Campfire Safety Tips
July 11, 2023
Enjoy the great outdoors safely with our top campfire safety tips. Learn how to prevent accidents and protect yourself and the environment with guidance from the WFCA.
Fire is a useful tool to heat food, keep warm, and gather around for stories and songs while camping. However, campfires are still a danger in nature, especially if they grow out of control and start wildfires. You can help protect natural landscapes by ensuring campfires are safe and contained.
Why Campfire Safety is Important
In the United States, humans cause over 90% of all annual wildfires.1 A 2020 study of wildfires in California found that wildfires caused by humans have more extreme fire behavior, moving quickly and burning more intensely than wildfires with natural causes. This destroys more trees and vegetation, even in ecosystems that have adapted for regular fires.2 Maintaining control of any potential fire hazards is the best way to protect nature while camping and enjoying the great outdoors.

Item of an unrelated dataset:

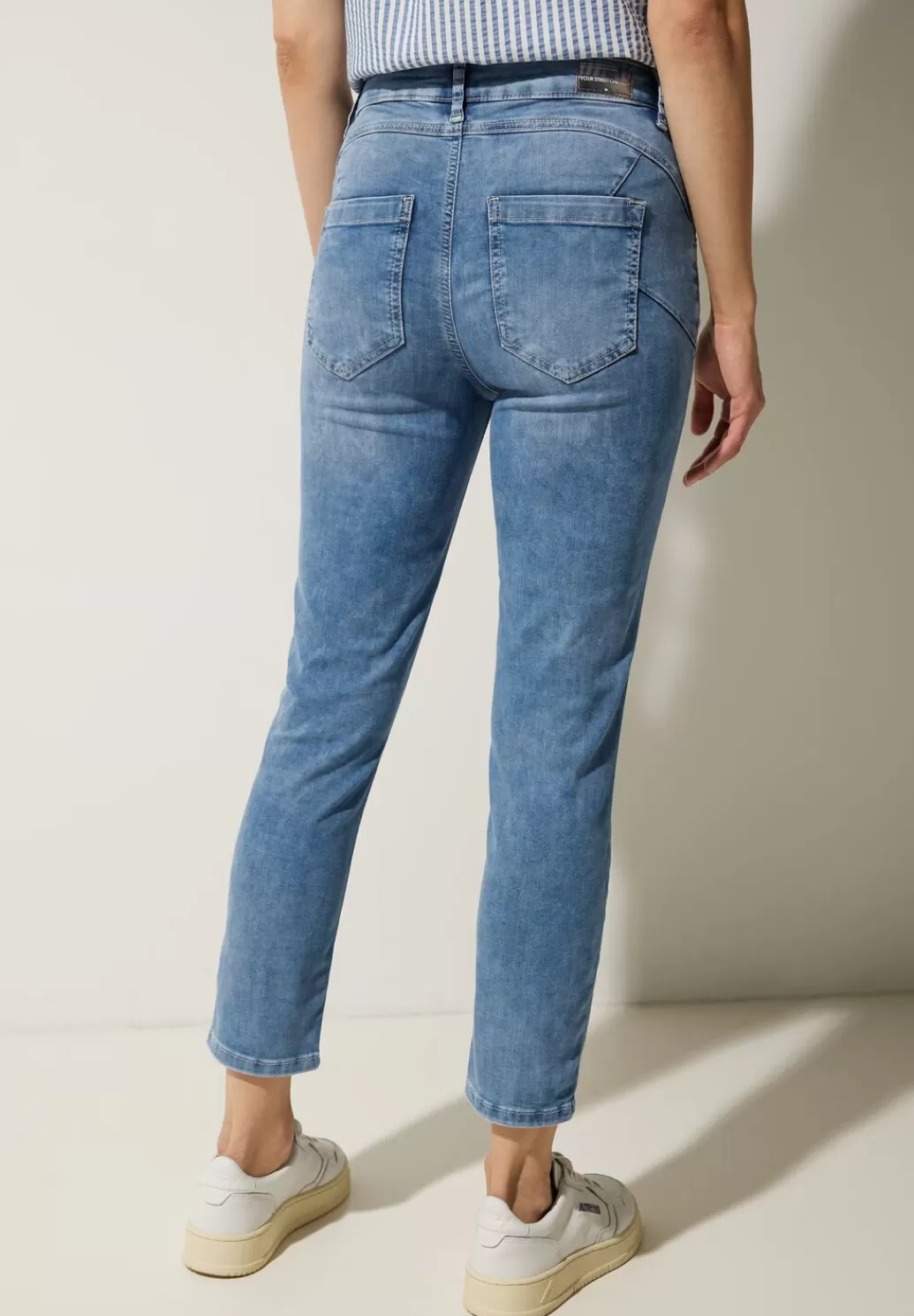 Street One Slim Fit Jeans In 7/8^Damen 7/8 Jeans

Top 6 Tips for Campfire Safety
Tip #1 – Know the local fire dangers and restrictions
Some states require campfire permits, and areas may have restrictions on campfires or portable stoves when there is a high risk of fire.3 Make sure to check the local wildfire risk level and if there are any burn bans. There may be signs posted, and a ranger’s station will have current campfire regulations.4
Tip #2 – Keep the area around the campfire clear
Many campsites have firepits or metal fire rings so guests can build a campfire without the fire spreading. Make sure there are no limbs or branches hanging over the pit and nothing flammable on the ground within 10 feet of the fire. Consider how to protect the fire from wind gusts. Build your campfire downwind and 15-25 feet away from your tent and other combustible materials.

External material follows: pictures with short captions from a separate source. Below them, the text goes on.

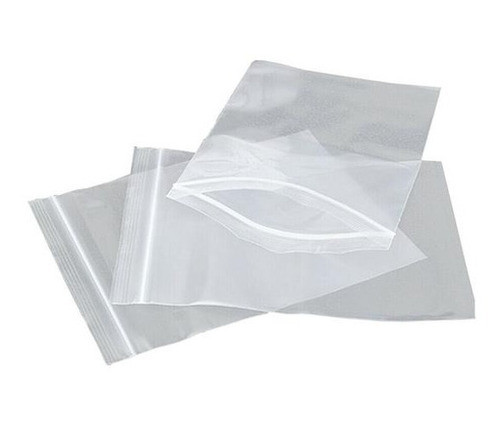 Bolsa Zipper 25x35 Cierre Hermético Pack X100u 0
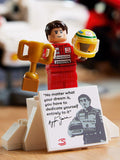 LEGO McLaren MP4/4 Senna building set 693 pieces, UK version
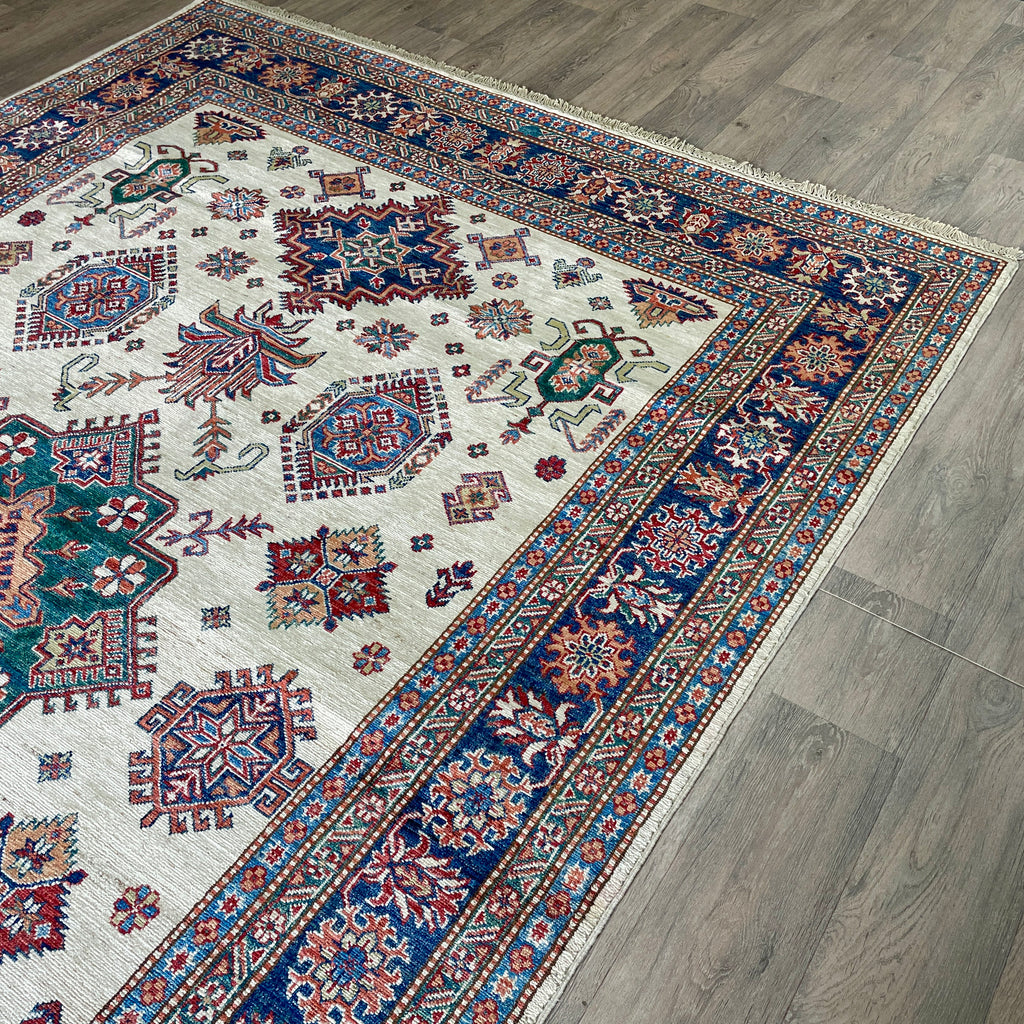 Afghan Super Kazak Rug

If you are camping in an area without a firepit, dig a pit in an open area away from overhanging branches that could catch fire. Circle the pit with rocks, keeping the 10-foot area around the pit clear of any potential fuels.5
Tip #3 – Build a safe campfire
Use local firewood to start a fire, either by collecting your own wood or buying it in the area. Insects and diseases can live on firewood, and burning outside wood may introduce harmful pests into forests.4 You should not cut trees or branches for fuel; live materials will not burn.6
Start your campfire with dried leaves, grass, or other tinder, then add additional small twigs and sticks as kindling. Never use lighter fluid, gas, or other flammable liquids to start a campfire. As the fire grows, add larger pieces of wood that will burn for longer and put off more heat.4 A small, contained fire will produce plenty of heat for cooking and warmth.

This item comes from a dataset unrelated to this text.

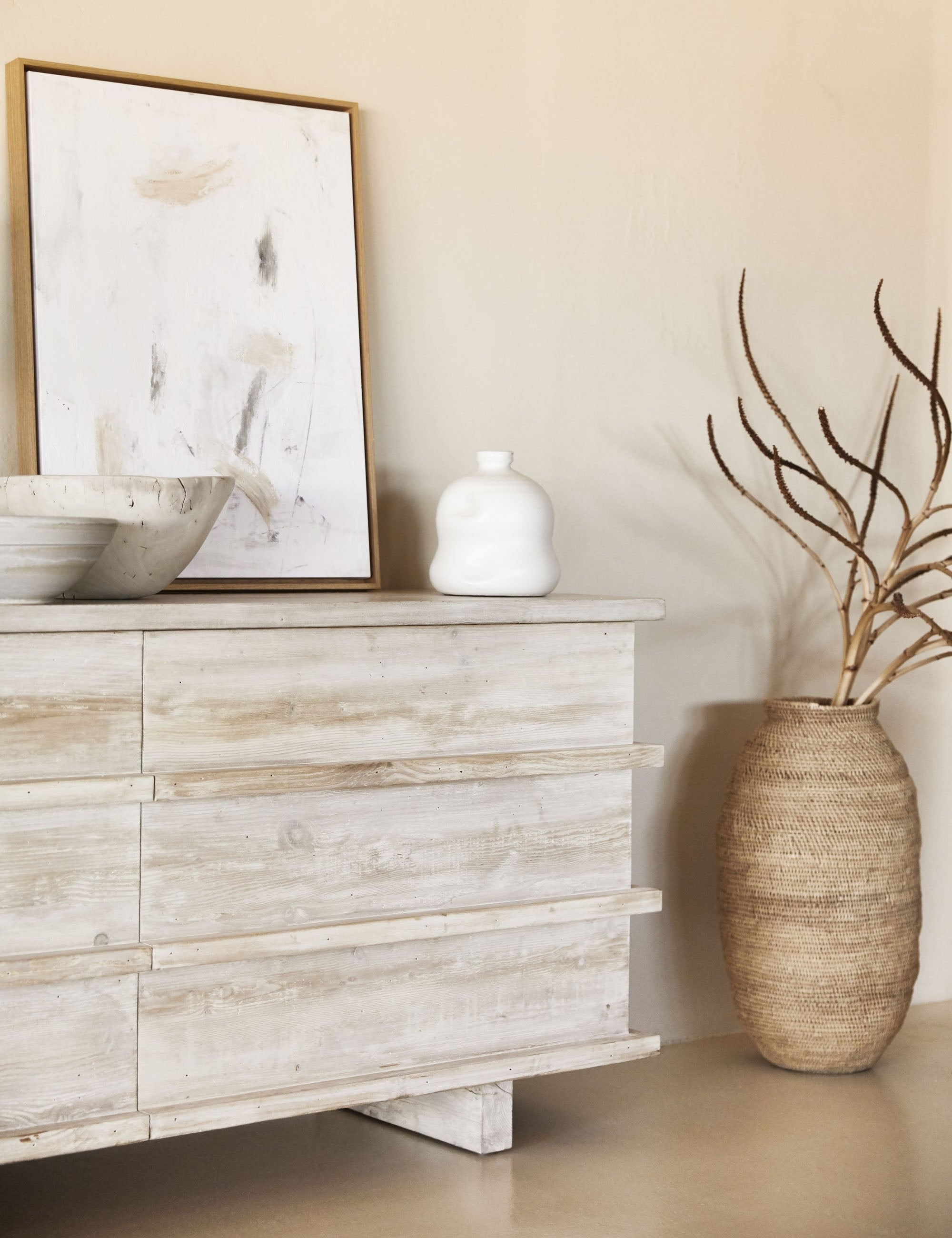Lulu and Georgia Corliss 6-Drawer Dresser, White Wash - view 2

Tip #4 – Be aware of your fire’s surroundings
In the U.S., campfires are the leading cause of children’s camping injuries.4 Do not allow children or pets around the campfire without supervision. Kids should never play with the campfire or pull sticks out of the fire. Do not allow anything but wood to go into a burning fire.7 You should also avoid lighting campfires on dry, windy days; it is easy for fires to spread out of control under these conditions.8
Tip #5 – Keep fire extinguishing materials close at hand
When starting a campfire, have a bucket of water nearby to extinguish any flames that may get out of control. You can also water down the area a few feet around the firepit, so if stray embers or flames escape, they will not be able to catch the area on fire. Shovels help break up flammable materials in a campfire, which will reduce the amount of time it takes to burn itself out. Burying a fire in sand or dirt will extinguish and cool the embers.
Tip #6 – Never leave a fire burning unattended
Make sure you put your campfire out completely if you are going to bed or leaving the site, even if it is only for a short hike. Douse the campfire with water or dirt, stir the charcoal and embers with a shovel, and douse it again until cool.9 Test the doused fire with the back of your hand—if it is too hot to touch, it is not completely extinguished.5
- ABC 10, “Report finds humans have caused nearly 96% of U.S. wildfires in 2022.” Accessed June 26, 2023.
- American Association for the Advancement of Science, “Human-sparked wildfires are more destructive than those caused by nature.” Accessed June 26, 2023.
- Cal Fire, “Campfire Safety.” Accessed June 26, 2022.
- ReserveAmerica, “Top 10 Tips for Campfire Safety.” Accessed June 23, 2023.
- Recreation.gov, “Campfire Safety Tips.” Accessed June 23, 2023.
- Smokey Bear, “How to Maintain & Extinguish Your Campfire.” Accessed June 27, 2023.
- Smokey Bear, “Campfire Rules.” Accessed June 26, 2023.
- National Fire Protection Association, “Campfire Safety.” Accessed June 26, 2023.
- U.S. Department of the Interior, “10 Tips to Prevent Wildfires.” Accessed December 20, 2022.